WHAT YOU WILL DO:
All of the entries below need to be repeated exactly.

*** Block opens ***

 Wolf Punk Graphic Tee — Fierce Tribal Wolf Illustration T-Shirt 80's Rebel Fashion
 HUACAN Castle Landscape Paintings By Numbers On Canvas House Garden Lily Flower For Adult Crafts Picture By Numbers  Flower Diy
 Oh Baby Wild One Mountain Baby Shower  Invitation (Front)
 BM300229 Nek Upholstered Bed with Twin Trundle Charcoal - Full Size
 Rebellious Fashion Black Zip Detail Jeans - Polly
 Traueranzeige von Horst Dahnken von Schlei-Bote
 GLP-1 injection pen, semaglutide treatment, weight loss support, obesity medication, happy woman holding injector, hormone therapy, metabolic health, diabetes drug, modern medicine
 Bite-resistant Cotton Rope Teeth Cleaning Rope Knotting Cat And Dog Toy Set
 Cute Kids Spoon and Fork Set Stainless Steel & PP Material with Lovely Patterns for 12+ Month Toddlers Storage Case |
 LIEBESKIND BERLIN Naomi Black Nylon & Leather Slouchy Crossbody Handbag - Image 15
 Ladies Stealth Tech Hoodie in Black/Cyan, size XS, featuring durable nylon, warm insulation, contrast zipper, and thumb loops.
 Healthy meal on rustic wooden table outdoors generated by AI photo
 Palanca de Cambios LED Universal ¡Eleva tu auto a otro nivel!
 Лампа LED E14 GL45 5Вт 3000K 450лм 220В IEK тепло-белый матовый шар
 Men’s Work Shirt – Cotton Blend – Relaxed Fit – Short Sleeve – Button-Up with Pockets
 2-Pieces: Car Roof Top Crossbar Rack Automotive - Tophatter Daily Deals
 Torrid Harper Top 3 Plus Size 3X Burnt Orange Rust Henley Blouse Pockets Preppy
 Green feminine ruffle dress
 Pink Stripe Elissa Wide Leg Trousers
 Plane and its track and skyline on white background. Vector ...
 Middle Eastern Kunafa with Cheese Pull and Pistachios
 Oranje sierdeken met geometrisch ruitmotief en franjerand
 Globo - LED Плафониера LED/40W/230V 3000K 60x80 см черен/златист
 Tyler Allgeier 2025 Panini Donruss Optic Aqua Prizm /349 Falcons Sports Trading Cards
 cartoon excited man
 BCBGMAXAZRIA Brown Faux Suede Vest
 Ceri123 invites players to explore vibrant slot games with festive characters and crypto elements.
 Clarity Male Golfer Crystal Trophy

*** Block closes ***

RESPONSE TO THIS EXERCISE:
 Wolf Punk Graphic Tee — Fierce Tribal Wolf Illustration T-Shirt 80's Rebel Fashion
 HUACAN Castle Landscape Paintings By Numbers On Canvas House Garden Lily Flower For Adult Crafts Picture By Numbers  Flower Diy
 Oh Baby Wild One Mountain Baby Shower  Invitation (Front)
 BM300229 Nek Upholstered Bed with Twin Trundle Charcoal - Full Size
 Rebellious Fashion Black Zip Detail Jeans - Polly
 Traueranzeige von Horst Dahnken von Schlei-Bote
 GLP-1 injection pen, semaglutide treatment, weight loss support, obesity medication, happy woman holding injector, hormone therapy, metabolic health, diabetes drug, modern medicine
 Bite-resistant Cotton Rope Teeth Cleaning Rope Knotting Cat And Dog Toy Set
 Cute Kids Spoon and Fork Set Stainless Steel & PP Material with Lovely Patterns for 12+ Month Toddlers Storage Case |
 LIEBESKIND BERLIN Naomi Black Nylon & Leather Slouchy Crossbody Handbag - Image 15
 Ladies Stealth Tech Hoodie in Black/Cyan, size XS, featuring durable nylon, warm insulation, contrast zipper, and thumb loops.
 Healthy meal on rustic wooden table outdoors generated by AI photo
 Palanca de Cambios LED Universal ¡Eleva tu auto a otro nivel!
 Лампа LED E14 GL45 5Вт 3000K 450лм 220В IEK тепло-белый матовый шар
 Men’s Work Shirt – Cotton Blend – Relaxed Fit – Short Sleeve – Button-Up with Pockets
 2-Pieces: Car Roof Top Crossbar Rack Automotive - Tophatter Daily Deals
 Torrid Harper Top 3 Plus Size 3X Burnt Orange Rust Henley Blouse Pockets Preppy
 Green feminine ruffle dress
 Pink Stripe Elissa Wide Leg Trousers
 Plane and its track and skyline on white background. Vector ...
 Middle Eastern Kunafa with Cheese Pull and Pistachios
 Oranje sierdeken met geometrisch ruitmotief en franjerand
 Globo - LED Плафониера LED/40W/230V 3000K 60x80 см черен/златист
 Tyler Allgeier 2025 Panini Donruss Optic Aqua Prizm /349 Falcons Sports Trading Cards
 cartoon excited man
 BCBGMAXAZRIA Brown Faux Suede Vest
 Ceri123 invites players to explore vibrant slot games with festive characters and crypto elements.
 Clarity Male Golfer Crystal Trophy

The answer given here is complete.